§ What you have to do: Using the data beneath this instruction, retype only the lines from the one that contains "Fliegenklatsche für Innen, Fliegenklatsche" down to the one that contains "Hard Rated Can 10x375mL", both included, exactly as they appear.
** Records for processing follows **
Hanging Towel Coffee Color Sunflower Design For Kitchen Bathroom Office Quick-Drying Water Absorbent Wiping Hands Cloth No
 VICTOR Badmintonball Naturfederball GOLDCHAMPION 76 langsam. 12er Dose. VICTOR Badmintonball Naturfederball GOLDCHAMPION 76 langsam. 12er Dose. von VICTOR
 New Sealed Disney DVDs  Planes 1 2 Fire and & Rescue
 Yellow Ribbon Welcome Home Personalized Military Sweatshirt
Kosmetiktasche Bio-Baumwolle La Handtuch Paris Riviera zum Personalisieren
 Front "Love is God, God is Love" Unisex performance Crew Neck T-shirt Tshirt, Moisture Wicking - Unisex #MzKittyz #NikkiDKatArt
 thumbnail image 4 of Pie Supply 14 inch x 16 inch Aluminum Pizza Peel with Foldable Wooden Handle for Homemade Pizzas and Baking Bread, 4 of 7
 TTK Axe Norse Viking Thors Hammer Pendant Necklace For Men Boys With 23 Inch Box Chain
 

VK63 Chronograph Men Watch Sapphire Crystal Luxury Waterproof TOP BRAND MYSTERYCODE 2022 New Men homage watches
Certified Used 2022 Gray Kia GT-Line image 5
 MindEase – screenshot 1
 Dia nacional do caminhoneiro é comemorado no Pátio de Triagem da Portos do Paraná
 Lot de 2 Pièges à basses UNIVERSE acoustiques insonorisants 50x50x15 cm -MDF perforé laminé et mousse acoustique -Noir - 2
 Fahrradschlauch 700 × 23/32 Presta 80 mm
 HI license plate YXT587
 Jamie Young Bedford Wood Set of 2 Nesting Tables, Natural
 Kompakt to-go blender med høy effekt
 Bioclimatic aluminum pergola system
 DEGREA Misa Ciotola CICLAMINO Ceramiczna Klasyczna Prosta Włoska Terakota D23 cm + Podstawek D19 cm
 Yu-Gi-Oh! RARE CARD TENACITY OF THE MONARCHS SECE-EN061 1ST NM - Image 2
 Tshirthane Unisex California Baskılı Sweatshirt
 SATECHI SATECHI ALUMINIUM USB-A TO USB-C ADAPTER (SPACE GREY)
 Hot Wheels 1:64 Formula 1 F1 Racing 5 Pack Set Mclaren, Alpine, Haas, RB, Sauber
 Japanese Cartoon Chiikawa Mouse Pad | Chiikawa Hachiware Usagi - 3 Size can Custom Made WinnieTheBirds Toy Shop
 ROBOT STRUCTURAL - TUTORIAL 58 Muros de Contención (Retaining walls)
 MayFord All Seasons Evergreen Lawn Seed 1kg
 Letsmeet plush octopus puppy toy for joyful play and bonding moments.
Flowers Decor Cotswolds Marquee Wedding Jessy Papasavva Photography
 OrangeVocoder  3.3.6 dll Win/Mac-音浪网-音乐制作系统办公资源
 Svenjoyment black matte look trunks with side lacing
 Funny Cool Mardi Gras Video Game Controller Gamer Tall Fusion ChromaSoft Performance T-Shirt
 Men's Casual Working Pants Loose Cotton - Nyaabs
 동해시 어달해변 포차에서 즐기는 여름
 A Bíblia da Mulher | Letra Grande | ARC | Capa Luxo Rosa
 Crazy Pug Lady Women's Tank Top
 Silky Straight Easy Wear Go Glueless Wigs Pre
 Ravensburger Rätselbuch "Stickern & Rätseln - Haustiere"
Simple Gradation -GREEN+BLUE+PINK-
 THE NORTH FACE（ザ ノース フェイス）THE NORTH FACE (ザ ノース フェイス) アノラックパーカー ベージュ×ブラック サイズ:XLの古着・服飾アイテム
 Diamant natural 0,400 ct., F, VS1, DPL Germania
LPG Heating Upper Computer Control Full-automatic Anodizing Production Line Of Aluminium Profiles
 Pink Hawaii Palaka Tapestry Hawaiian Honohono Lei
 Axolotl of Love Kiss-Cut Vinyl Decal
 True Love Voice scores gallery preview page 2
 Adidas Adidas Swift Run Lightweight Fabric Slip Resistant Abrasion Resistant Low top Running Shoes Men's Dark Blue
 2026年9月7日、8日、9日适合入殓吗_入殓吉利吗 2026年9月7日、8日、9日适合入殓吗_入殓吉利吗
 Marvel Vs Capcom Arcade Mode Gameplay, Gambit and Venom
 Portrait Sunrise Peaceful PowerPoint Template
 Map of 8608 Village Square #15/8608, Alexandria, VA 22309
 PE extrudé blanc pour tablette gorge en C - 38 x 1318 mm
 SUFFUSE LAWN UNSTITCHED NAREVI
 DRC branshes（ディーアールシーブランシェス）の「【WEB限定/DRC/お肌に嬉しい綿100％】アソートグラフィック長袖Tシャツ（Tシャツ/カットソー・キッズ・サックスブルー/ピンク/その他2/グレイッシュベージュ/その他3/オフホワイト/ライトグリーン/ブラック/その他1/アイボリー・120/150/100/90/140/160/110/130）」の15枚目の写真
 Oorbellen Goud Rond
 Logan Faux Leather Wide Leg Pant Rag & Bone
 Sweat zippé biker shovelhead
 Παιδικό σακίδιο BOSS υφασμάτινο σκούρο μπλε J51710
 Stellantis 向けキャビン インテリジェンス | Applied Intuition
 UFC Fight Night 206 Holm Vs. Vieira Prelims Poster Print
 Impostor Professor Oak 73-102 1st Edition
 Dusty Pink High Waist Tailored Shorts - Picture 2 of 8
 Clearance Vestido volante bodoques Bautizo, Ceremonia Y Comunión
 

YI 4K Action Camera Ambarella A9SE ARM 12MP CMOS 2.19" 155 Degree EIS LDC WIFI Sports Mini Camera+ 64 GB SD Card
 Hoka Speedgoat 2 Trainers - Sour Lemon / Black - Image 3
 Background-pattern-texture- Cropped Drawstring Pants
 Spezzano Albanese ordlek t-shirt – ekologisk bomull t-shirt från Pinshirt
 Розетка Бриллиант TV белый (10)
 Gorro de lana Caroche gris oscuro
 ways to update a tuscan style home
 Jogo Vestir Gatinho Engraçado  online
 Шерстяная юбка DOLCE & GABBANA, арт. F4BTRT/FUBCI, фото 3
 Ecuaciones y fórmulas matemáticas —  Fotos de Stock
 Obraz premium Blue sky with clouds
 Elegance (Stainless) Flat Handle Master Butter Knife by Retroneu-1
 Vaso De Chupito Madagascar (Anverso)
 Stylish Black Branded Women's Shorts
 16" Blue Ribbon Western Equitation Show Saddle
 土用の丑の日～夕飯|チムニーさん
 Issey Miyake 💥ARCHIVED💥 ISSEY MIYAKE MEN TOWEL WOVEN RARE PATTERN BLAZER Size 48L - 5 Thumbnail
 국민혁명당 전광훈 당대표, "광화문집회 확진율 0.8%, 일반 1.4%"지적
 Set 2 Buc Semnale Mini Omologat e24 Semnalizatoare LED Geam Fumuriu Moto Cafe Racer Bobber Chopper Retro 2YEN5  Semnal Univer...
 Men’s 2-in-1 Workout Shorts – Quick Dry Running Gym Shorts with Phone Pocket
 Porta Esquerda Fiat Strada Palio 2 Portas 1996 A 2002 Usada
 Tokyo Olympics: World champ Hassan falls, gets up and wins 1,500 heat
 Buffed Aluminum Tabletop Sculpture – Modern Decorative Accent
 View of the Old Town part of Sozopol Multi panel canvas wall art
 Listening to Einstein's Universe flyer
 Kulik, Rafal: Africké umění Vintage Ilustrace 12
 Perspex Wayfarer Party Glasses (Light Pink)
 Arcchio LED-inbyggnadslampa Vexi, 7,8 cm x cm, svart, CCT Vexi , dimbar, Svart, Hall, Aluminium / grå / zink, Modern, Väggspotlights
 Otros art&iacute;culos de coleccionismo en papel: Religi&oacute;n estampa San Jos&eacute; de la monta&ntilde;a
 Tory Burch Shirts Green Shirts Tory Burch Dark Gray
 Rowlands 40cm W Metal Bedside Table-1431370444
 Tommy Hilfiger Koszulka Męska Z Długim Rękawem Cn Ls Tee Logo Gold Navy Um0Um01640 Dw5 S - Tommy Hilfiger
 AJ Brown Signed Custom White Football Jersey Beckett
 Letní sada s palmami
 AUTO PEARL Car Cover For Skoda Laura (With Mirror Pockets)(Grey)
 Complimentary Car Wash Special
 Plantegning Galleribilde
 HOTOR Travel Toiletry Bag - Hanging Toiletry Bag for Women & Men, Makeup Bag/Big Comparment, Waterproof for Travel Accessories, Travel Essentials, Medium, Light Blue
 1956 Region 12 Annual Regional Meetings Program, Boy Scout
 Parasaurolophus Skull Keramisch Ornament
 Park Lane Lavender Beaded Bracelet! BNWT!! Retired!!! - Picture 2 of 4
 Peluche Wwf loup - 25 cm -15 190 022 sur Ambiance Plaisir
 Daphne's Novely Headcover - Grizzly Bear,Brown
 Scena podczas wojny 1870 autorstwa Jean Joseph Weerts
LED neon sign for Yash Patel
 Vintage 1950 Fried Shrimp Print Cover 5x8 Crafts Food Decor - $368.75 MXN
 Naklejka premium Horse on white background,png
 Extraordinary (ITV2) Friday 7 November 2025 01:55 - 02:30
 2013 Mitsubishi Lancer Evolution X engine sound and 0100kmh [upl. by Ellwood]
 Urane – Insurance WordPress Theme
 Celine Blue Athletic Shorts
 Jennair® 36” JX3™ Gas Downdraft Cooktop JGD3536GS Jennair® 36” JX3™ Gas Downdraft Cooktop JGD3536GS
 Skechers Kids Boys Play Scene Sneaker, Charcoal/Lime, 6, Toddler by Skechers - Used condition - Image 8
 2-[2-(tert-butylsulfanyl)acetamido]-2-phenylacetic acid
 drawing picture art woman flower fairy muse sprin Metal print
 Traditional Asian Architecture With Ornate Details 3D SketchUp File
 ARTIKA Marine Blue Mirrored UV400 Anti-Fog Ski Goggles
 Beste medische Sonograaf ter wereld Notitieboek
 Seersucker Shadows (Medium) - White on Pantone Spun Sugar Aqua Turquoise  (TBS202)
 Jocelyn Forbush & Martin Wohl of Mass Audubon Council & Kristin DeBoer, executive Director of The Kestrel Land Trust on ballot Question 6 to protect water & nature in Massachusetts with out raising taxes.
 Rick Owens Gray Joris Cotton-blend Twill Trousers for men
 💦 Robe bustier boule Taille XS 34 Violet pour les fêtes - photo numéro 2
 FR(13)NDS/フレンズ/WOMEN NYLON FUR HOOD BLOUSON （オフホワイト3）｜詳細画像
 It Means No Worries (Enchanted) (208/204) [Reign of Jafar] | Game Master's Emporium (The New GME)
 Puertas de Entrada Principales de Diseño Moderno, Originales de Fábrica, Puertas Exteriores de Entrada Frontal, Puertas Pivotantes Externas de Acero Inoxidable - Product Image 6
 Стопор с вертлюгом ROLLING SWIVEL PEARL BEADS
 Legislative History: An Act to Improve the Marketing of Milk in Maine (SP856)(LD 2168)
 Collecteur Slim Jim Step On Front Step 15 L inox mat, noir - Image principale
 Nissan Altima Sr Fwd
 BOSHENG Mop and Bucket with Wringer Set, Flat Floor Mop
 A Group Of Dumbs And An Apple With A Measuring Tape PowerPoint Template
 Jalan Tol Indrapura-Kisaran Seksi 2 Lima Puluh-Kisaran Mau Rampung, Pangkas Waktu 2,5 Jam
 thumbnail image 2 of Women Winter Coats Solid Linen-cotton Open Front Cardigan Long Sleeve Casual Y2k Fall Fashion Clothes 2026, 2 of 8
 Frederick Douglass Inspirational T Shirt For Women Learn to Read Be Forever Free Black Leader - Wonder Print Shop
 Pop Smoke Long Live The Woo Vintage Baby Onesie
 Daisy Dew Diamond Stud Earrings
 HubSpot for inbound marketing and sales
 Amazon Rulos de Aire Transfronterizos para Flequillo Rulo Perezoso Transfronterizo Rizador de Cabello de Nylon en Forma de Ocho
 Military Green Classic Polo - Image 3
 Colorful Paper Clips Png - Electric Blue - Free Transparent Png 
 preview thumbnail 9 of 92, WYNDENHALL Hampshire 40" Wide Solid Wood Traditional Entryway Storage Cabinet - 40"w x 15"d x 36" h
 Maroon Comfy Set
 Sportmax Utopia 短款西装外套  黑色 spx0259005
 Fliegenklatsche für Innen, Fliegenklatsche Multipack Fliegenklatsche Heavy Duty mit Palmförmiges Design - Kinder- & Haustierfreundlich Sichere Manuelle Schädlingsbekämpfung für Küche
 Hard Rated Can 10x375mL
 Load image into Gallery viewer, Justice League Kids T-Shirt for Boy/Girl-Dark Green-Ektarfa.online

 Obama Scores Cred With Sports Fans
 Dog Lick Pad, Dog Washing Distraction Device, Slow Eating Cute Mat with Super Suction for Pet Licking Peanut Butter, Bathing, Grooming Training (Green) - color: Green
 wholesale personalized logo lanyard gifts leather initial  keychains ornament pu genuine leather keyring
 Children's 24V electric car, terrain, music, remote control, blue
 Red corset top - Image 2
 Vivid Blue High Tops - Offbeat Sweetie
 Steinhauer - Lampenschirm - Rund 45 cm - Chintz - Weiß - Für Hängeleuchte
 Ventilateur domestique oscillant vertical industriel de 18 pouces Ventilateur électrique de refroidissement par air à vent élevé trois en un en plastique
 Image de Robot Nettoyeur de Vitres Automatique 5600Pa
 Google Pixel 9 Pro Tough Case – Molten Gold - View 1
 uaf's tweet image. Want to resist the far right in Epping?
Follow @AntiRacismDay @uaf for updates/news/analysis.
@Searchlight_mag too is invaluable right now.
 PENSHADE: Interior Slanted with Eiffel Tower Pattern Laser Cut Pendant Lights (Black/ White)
** End of Records for processing **
§ Written answer:
 Fliegenklatsche für Innen, Fliegenklatsche Multipack Fliegenklatsche Heavy Duty mit Palmförmiges Design - Kinder- & Haustierfreundlich Sichere Manuelle Schädlingsbekämpfung für Küche
 Hard Rated Can 10x375mL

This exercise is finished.